En matière de relations entre l’Algérie et la France, Nils Andersson estime qu' »il ne s’agit pas aujourd’hui d’un problème de « réconciliation » mais de liens égalitaires entre des citoyens de deux pays indépendants. »

Né le 14 février 1933 à Lausanne en Suisse, Frédy-Nils Andersson dit Nils Andersson, est un éditeur et analyste politique de nationalité suédoise. Il est le responsable du programme culturel suisse au Festival mondial de la jeunesse à Moscou en 1957. Il a l’idée, à la fin des années 50, après des tentatives de faire vivre des revues militantes, de diffuser des éditeurs français qui publient des livres essentiels aux débats intellectuels.

Plusieurs éditeurs éminents acceptent de partager ce projet : Jérôme Lindon pour Les Éditions de Minuit, Jean-Jacques Pauvert, Robert Voisin pour Les Éditions de l’Arche puis François Maspero, dès la création de ses éditions du même nom. Il fonde ainsi en 1957  un comptoir de diffusion d’éditeurs français à Lausanne, La Cité, qui deviendra rapidement une maison d’édition, La Cité Éditeur. Il publie notamment des ouvrages liés à la cause algérienne et censurés ou interdits en France. Ces activités l’éloignent longuement de la France. Il ne s’installe à Paris que dans les années 90 où il milite notamment chez ATTAC et Sortir du colonialisme.

Nils Andersson collabore, entre autres, au Monde diplomatique, PolitisL’humanité, Recherche internationale, La pensée, Les temps modernes …Il a accepté de répondre à nos questions à l’occasion de la visite officielle en Algérie de Madame Elisabeth Borne, première ministre française, accompagnée de seize ministres, alors que la question mémorielle est au cœur de la relation bilatérale entre les deux pays.

Le Matin d’Algérie : Lorsqu’on est né en 1933 comme vous à Lausanne, d’un père suédois et d’une mère française, comment se retrouve-t-on à publier des ouvrages liés à la cause algérienne censurés ou interdits tel que « La question » d’Henri Alleg en 1958 alors que le livre (publié aux éditions de Minuit) était interdit en France…

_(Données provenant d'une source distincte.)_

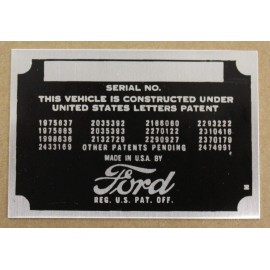 Ford Car or Pickup Truck DATA PLATE  1928 to 1937 FREE SHIPPING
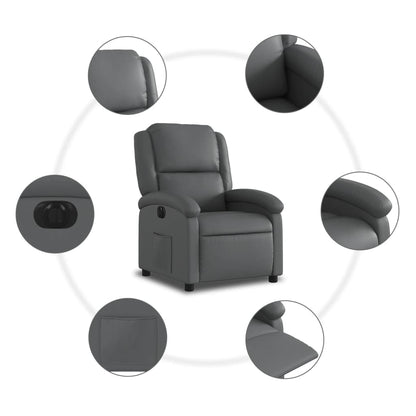 vidaXL Relaxsessel Elektrisch Grau Kunstleder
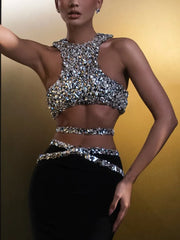 Sexy Beading Black Tank Maxi Long Two Pieces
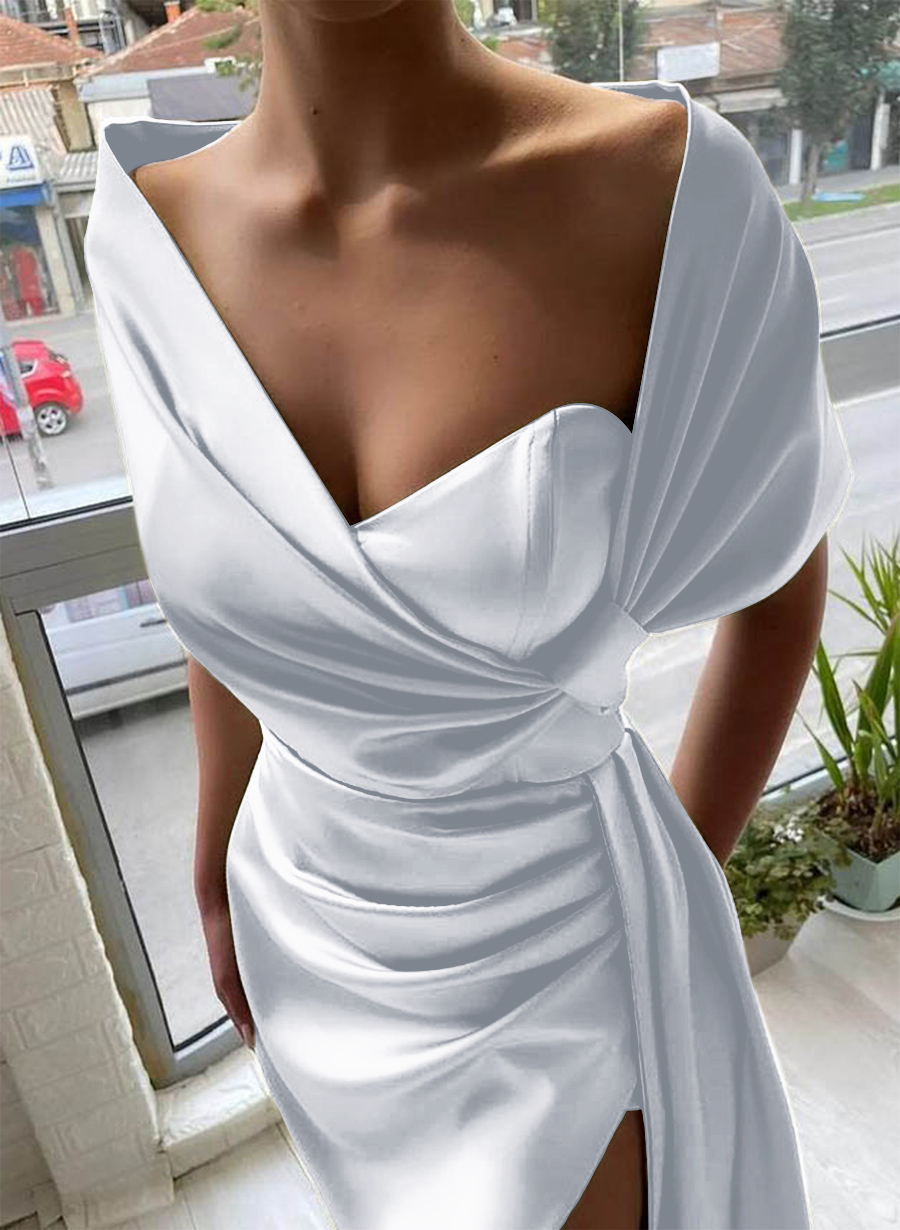 Whimsical Bow Wrap Asymmetric Silk Like Satin Bridesmaid Dresses With Front Slit, product image 52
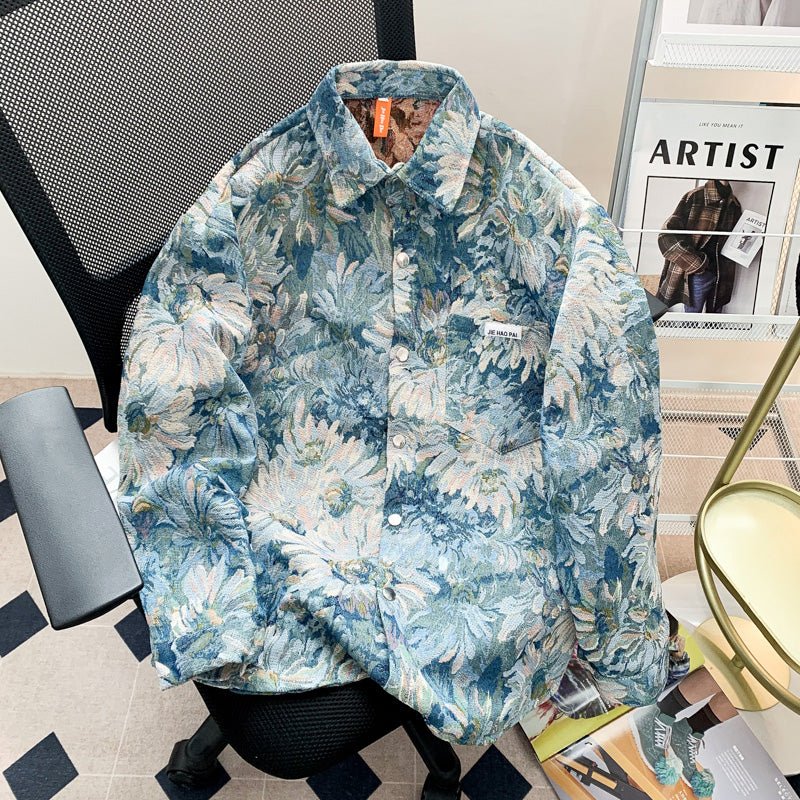 American-style Floral Oil Painting Jacquard Casual Jacket With All-over Print - RALO COLLECTION STUDIO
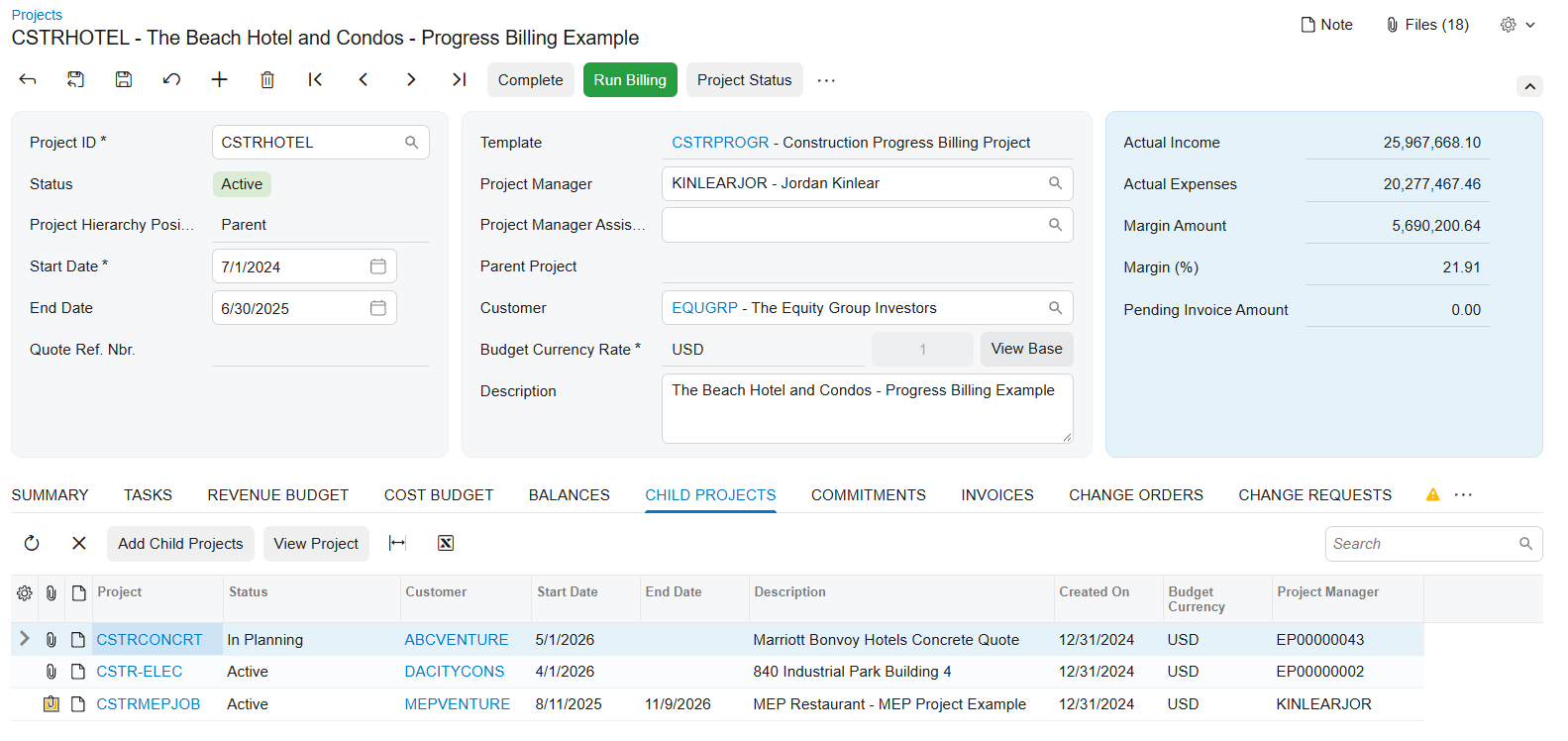 Manage Complex Multi-Phase Contracts with Parent-Child Projects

Nils Andersson : Il y a plusieurs entrées, d’abord celle de la sensibilisation à la réalité coloniale, acquise notamment, dans mon adolescence, en lisant L’Observateur. Ensuite, n’ayant à Lausanne, où je vivais, pas connu d’Algériens ni d’Algériennes, il y a les hasards des rencontres et des choix faits, des engagements qui m’amènent à diffuser en Suisse les Éditions de Minuit. De là découle, après la saisie de La Question, la demande de Jérôme Lindon de rééditer le livre en Suisse pour démontrer au gouvernement français que l’on ne pouvait faire taire le témoignage d’Henri Alleg. Dès que je l’ai édité, Robert Davezies m’a contacté pour la Fédération de France du FLN et me demander si j’étais d’accord d’apporter mon soutien à la lutte de libération nationale. De là, jusqu’à l’indépendance, se sont développés des liens militants quotidiens avec des frères et sœurs algériens organisés en Suisse, de passage où évadés de France transitant par la Suisse.

Dès 1961, vous diffusez les éditions Maspero et vous publiez, entre autres, Mao Zedong, Liègme, Debluë, Weideli et Jotterand..

Oui, après La Question, j’ai également réédité à La Cité-Éditeur, après sa saisie, La Gangrène, témoignage de tortures subies par des Algériens en France, Les Disparus, un dossier établi par des avocats du collectif du FLN, réunissant les demandes, toutes restées sans réponse, de familles sur ce qui était advenu de leur père ou de leur frère après leur arrestation durant la bataille d’Alger. Puis, j’ai publié La Pacification d’Hafid Keramane, document de la Fédération de France du FLN, inventoriant toutes les formes de répression, utilisées contre le peuple algérien, de la torture aux camps de regroupement, le témoignage de Robert Davezies, Le temps de la justice, retraçant son engagement pour l’indépendance de l’Algérie, le livre de Saadia et Lakhdar, L’aliénation colonialiste et la résistance de la famille algérienne et Naissances, le théâtre de Mohamed Boudia. Mais, habitant Lausanne, j’ai également édité des auteurs : Liègme, Debluë, Weideli, Jotterand qui étaient les principaux auteurs de théâtre suisses de langue française et, autre domaine, Mao Tsé-toung et des textes du Parti communiste chinois s’inscrivant dans les divergences avec l’Union soviétique, divergences dans lesquelles la question du Tiers-Monde et de la décolonisation étaient centrales.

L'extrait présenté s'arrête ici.